The Great Depression of 1929-33 was the most severe economic crisis of modern times. Millions of people lost their jobs, and many farmers and businesses were bankrupted. Industrialized nations and those supplying primary products (food and raw materials) were all affected in one way or another. In Germany the United States industrial output fell by about 50 per cent, and between 25 and 33 per cent of the industrial labour force was unemployed.
The Depression had profound political implications in western democracies. In countries such as Germany and Japan, reaction to the Depression brought about the rise to power of militarist governments who adopted the regressive foreign policies that led to the Second World War. In countries such as the United States and Britain, government intervention ultimately resulted in the creation of welfare systems and the managed economies of the period following the Second World War.
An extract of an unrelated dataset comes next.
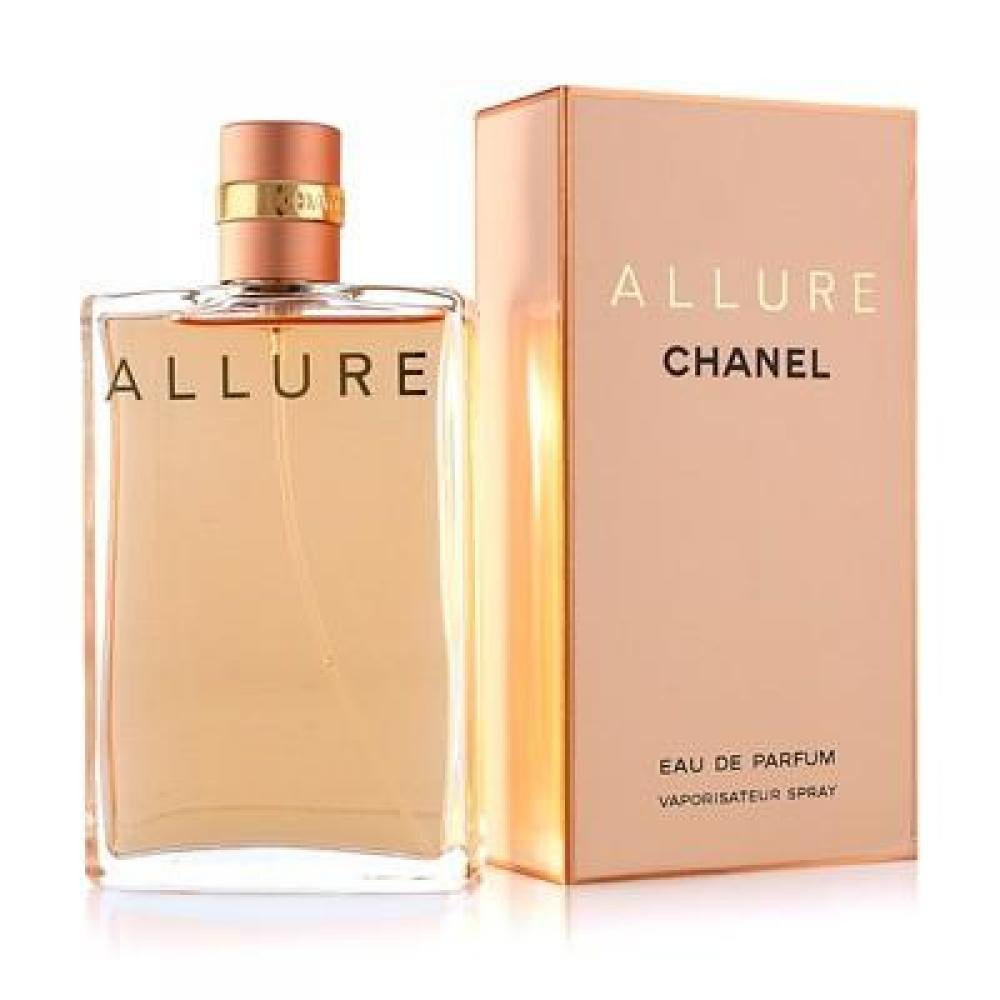 Obrázok CHANEL Allure EDP 50ml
In the United States Roosevelt became President in 1933 and promised a "New Deal" under which the government would intervene to reduce unemployment by work-creation schemes such as street cleaning and the painting of post offices. Both agriculture and industry were supported by policies (which turned out to be mistaken) to restrict output and increase prices. The most durable legacy of the New Deal was the great public works projects such as the Hoover Dam and the introduction by the Tennessee Valley Authority of flood control, electric power, fertilizer, and even education to a depressed agricultural region in the south.
The New Deal was not, in the main, an early example of economic management, and it did not lead to rapid recovery. Income per capita was no higher in 1939 than in 1929, although the government’s welfare and public works policies did benefit many of the most needy people. The big growth in the US economy was, in fact, due to rearmament.